Digital TV (DTV) broadcasters are going to win out over broadband Internet providers as an entertainment source for new customers, it has been claimed.
A new study maintains that "the idea that broadband Internet will encroach upon the world of TV and become a major media delivery service is no longer sustainable."
Only in the area of pornography will the ISPs win out but this will present them with a moral dilemma.
Published by UK-based Analysys, advisors in telecoms and new media, "Interactive Consumer Broadband: Sex, Sport and Shopping?" suggests telecoms operators and ISPs will "delude themselves" if they cling to the hope that rich media entertainment will deliver substantial revenues.
In the battle for customer ownership and spend in the converging telecoms/broadcast arena, broadcasters will have the upper hand, it declares.
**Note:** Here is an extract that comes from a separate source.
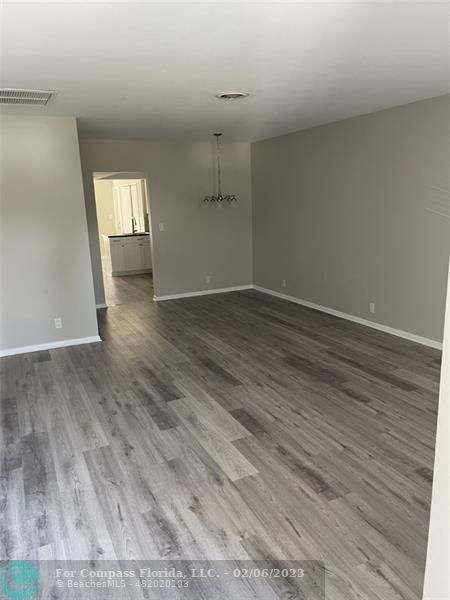 Foto del edificio - 1100 NE 23rd Terrace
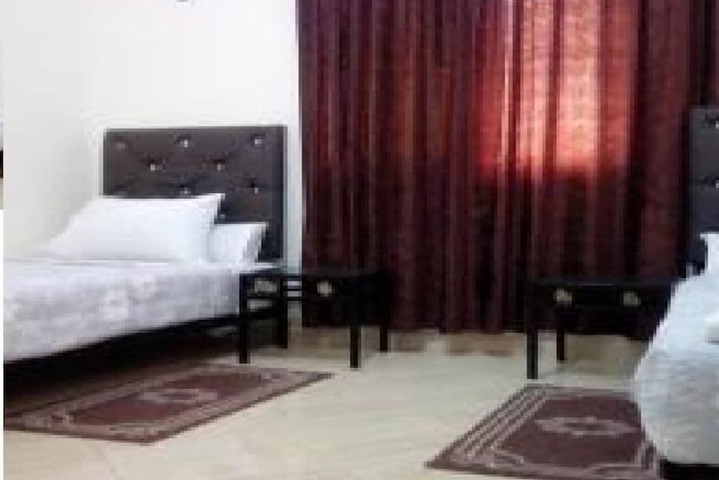 Room 4 of 7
The report says their cheaper, higher-quality multi-channel digital TV will be more attractive to consumers than the more interactive services that Internet players can offer.
For home entertainment, content will be key, and with most of it owned by the TV, film and media companies, wresting it away from these powerful players will be an insurmountable problem for all but the strongest telcos and ISPs.
The report says that Interactive TV is no longer taking its lead from the Internet and is developing service models better suited to its own technology and the context in which it is maturing.
"We can already see services such as Internet over TV and pseudo-Internet iTV walled gardens, for example BskyB's Open, being quickly superseded by services such as TV betting that draw directly upon the strength of the broadcast content," said report co-author, Robert Wood.
Pornography is one of the very few areas where broadband Web content will pay. For some adult content providers, such as Private Media, the promise of the Internet as an ideal delivery mechanism is already delivering margins higher than off-line alternatives.
However this success, says the report, presents service providers with a dilemma: they want the traffic and revenues but not the negative associations with public perceptions of pornography.
However, it adds that all is not lost for the telecoms operators and the ISPs and broadband Internet need not be banished to the bedroom.
Ultimately, the report states, the appeal of broadband Internet will have more to do with the dramatic improvement it makes to "narrowband content" such as shopping, news, infotainment and game-playing, than its ability to deliver video-based service.
The opportunity is there to begin to develop higher-quality, paid-for "narrowband" content and to charge for this by bundling access and exclusive content into monthly subscriptions.
According to the report, worldwide residential broadband Internet subscribers are set to increase from 6.2 million this year to 84 million in 2006. By steering a course between media (high bandwidth and low interactivity) and telecoms (low bandwidth and high interactivity), broadband ISPs can successfully exploit what the Internet as a medium does best, claims Analysys.